On Tue, Jun 28, 2016 at 10:13:32AM +0100, Steven Whitehouse wrote:
> Hi,
> 
> On 28/06/16 03:08, Dave Chinner wrote:
> >On Fri, Jun 24, 2016 at 02:50:11PM -0500, Bob Peterson wrote:
> >>This patch adds a new prune_icache_sb function for the VFS slab
> >>shrinker to call. Trying to directly free the inodes from memory
> >>might deadlock because it evicts inodes, which calls into DLM
> >>to acquire the glock. The DLM, in turn, may block on a pending
> >>fence operation, which may already be blocked on memory allocation
> >>that caused the slab shrinker to be called in the first place.
> >>
> >>Signed-off-by: Bob Peterson <rpeterso@xxxxxxxxxx>
> >All sorts of problems with this.
.....
> >Shrinker contexts are complex and the VFS shrinkers are much more
> >complex than most people understand. I strongly recommend that
> >filesystems leave inode cache reclaim to the superblock shrinker for
> >the above reasons - it's far too easy for people to get badly wrong.
> >
> >If there are specific limitations on how inodes can be freed, then
> >move the parts of inode *freeing* that cause problems to a different
> >context via the ->evict/destroy callouts and trigger that external
> >context processing on demand. That external context can just do bulk
> >"if it is on the list then free it" processing, because the reclaim
> >policy has already been executed to place that inode on the reclaim
> >list.
> That causes problems, unfortunately.

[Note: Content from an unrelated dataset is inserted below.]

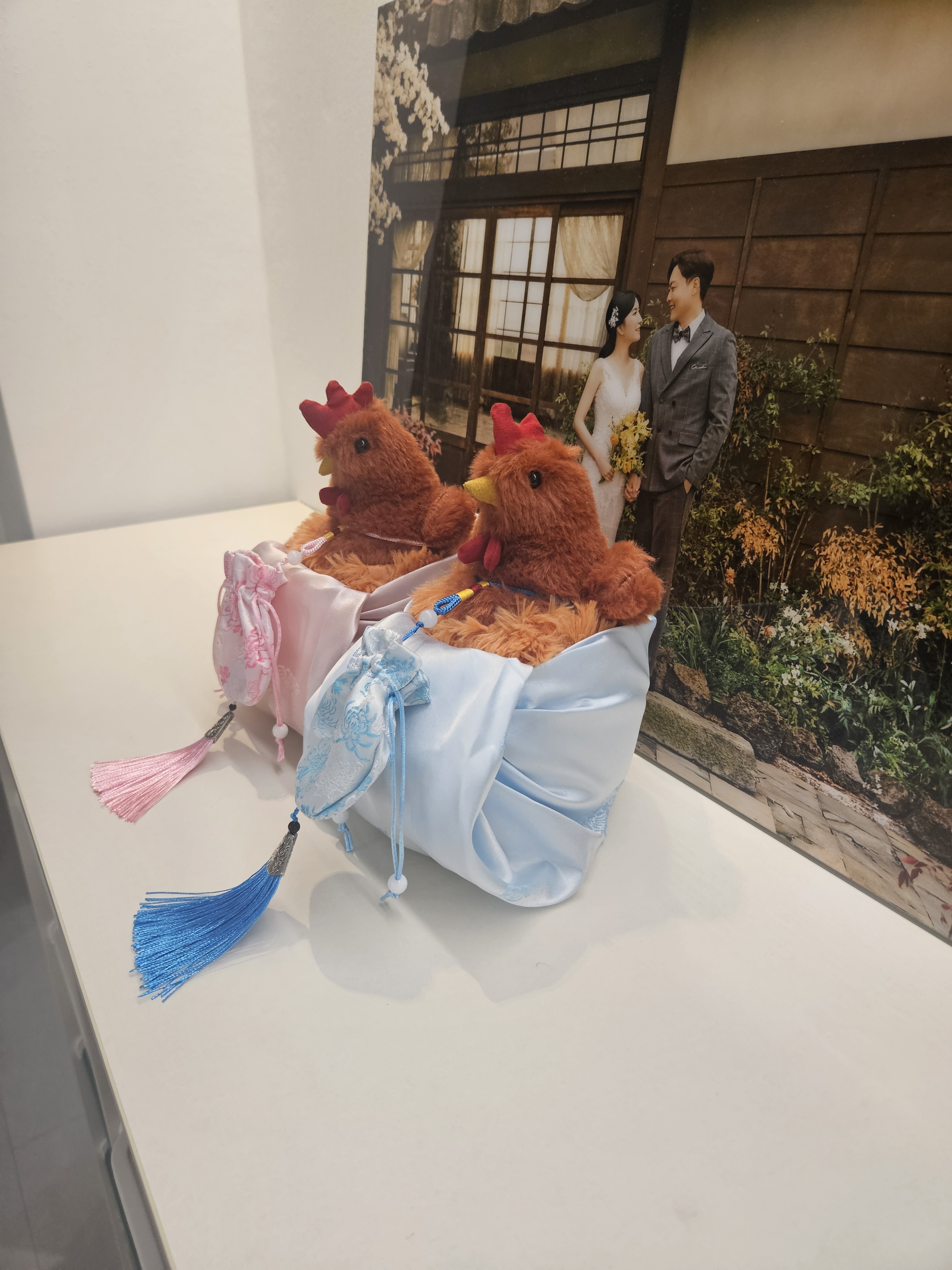 닭인형 결혼식 닭 날리기 던지기 꼬꼬닥 생일 선물 인테리어 방꾸미기 소품 - 상세 이미지 5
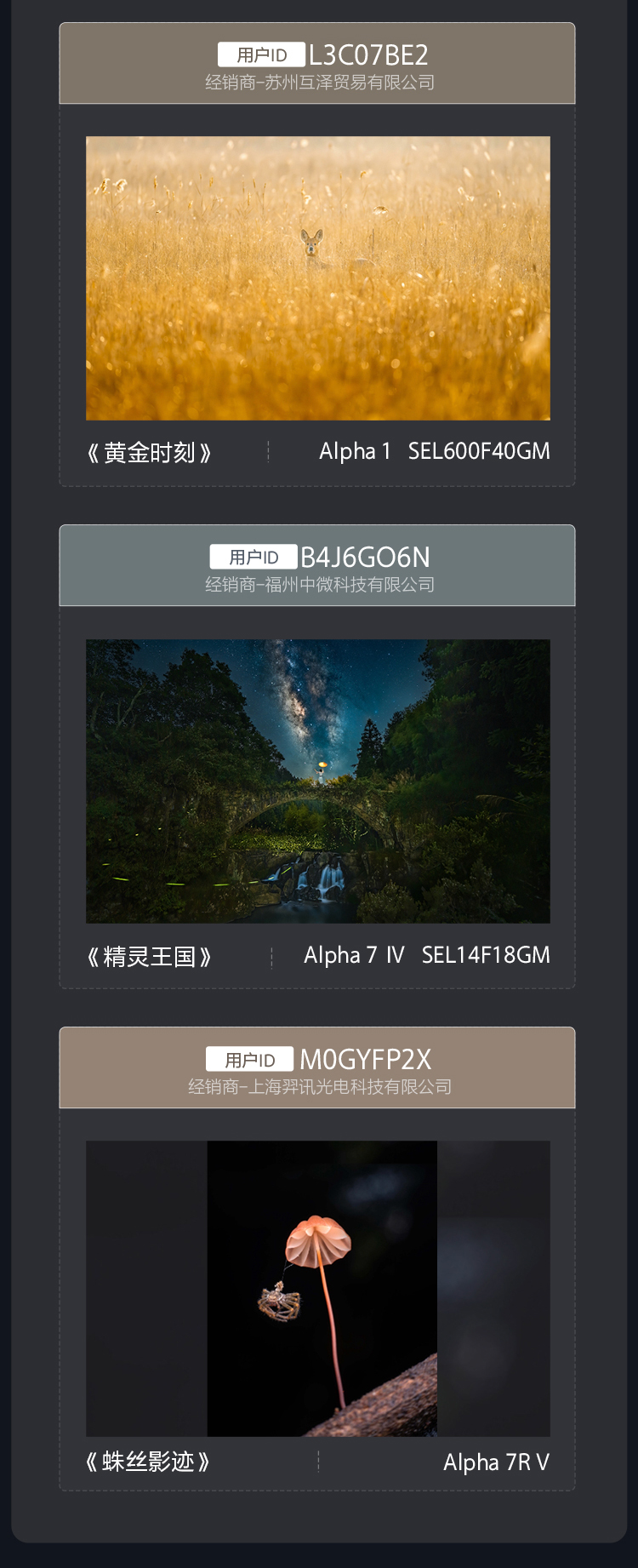 索尼经销商会员摄影比赛 优胜奖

As soon as the inode is taken
> out of the hash, then a new inode can be created by another process
> doing a lookup (for whatever reason - NFS fh lookup, scan for
> unlinked but still allocated inodes) and we'd land up with two in
> memory inodes referring to the same on disk inode at the same time.

Yes, that's a problem XFS has to deal with, too. the lookup needs to
search the reclaim list, too, and if it is found there recycle that
inode rather than allocate a new one. This generaly involves
clearing the reclaim state,  calling init_inode_always(inode) on the
reclaimed inode and then treating it like a freshly allocated struct
inode...

> We did look at
> leaving the inode hashed and making the evict async, but that didn't
> work either - the exact issue escapes me, but Bob's memory is
> probably better than mine on this issue.

There's no need to play games with hashing if you layer the reclaim
list as per above. The VFS state is always consistent, and the only
times you need to care about inodes in the "limbo" state of waiting
for reclaim is when a new lookup comes in or a superblock state
transition such as freeze, remount-ro and unmount...

> The issue is that there is a dependency loop involving the glocks
> required for inode deallocation, so we have:
> 
>  1. Event occurs which requires recovery somewhere in the cluster,
> which memory is short
>  2. Userspace gets blocked waiting for memory (on inode shrinker)
> due to requirement for a glock, to complete eviction
>  3. The glock is blocked on the DLM
>  4. The DLM is blocked until recovery is complete -> deadlock
>
> So we have various option on where to break this loop, the big
> question being where is the best place to do it, as the "obvious"
> ones seem to have various disadvantages to them,

Yes, I understand the problem. Essentially you have a "non-blocking"
requirement for reclaiming inodes because the DLM dependency means
that reclaim progress cannot be guaranteed. The superblock shrinker
has always assumed that unreferenced inodes can be reclaimed at any
time when GFP_KERNEL reclaim context is given. This is clearly not
true for gfs2 - it is only safe to attempt reclaim on inodes whose
glock can be obtained without blocking.

There are two ways of dealing with this. The first is as I described
above - defer final cleanup/freeing of specific inodes to a separate
list and context out of sight of the VFS inode life cycle and hook
your inode lookup code into it. This way the reclaim of the inode
can be deferred until the glock can be obtained without affecting
normal VFS level operations.

The second is to enable the shrinker to skip inodes that cannot be
immediately reclaimed. The shrinker already does this based on the
internal VFS inode state in inode_lru_isolate(). It would seem to me
that we could add a callout in this function to allow a non-blocking
determination of inode reclaimability by the filesystem. It would
truly have to be non-blocking - I think we could only sanely call it
under the lru and inode spinlocks because if we can't reclaim it
immediately we have to skip the inode. Dropping the locks mean we
can't move the inode in the LRU, and traversal must restart. Hence
we'd replace a deadlock with a livelock if we can't skip inodes we
can't reclaim because we dropped the lru lock.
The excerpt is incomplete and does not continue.